Increased error rate on uncached requests [Mumbai region]

Incident Report for ImageKit.io

Postmortem

Summary:
On July 7th, during the interval of 11:34 AM IST to 12:20 AM IST, our ImageKit CDN endpoint in the Mumbai region encountered an elevated error rate of around 4 to 5 percent.

Root cause:
The anomaly was traced back to a partial DNS outage within our server cluster. While our processing servers were working fine, our CoreDNS service was overwhelmed by an unusually high volume of DNS requests. This unprecedented flood of requests exceeded the capacity of the conntrack table, which led to dropped connections and requests not being sent for processing.
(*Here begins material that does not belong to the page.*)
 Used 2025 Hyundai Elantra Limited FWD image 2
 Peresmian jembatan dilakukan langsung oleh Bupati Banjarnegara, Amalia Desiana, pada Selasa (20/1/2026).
Resolution: The issue was quickly resolved by scaling the CoreDNS service, which successfully distributed the load and mitigated the problem. We have initiated meticulous performance monitoring of our DNS and will implement modifications, if required, after a thorough validation.

Lessons learned
What went well: Our efficient monitoring systems detected the anomaly promptly before customers started facing the issue. Our team responded swiftly and systematically, ensuring minimal impact on our services. Despite the relatively higher error rate, 95% of total requests continued to be served with ultra-low latency.

What went wrong:
A more proactive approach towards DNS performance monitoring could have averted this issue. We're now incorporating DNS into our regular monitoring routine to forestall such instances.

Posted Jul 09, 2023 - 14:06 IST

Resolved

Error rate increased for new transformations in Mumbai region. The issue started at 11:35 AM IST and lasted till 12:12 PM IST. During this time, the error rate for CDN miss requests increased. Issue was identified by our team and fixed. We are currently monitoring the systems and response times.

Posted Jul 07, 2023 - 11:35 IST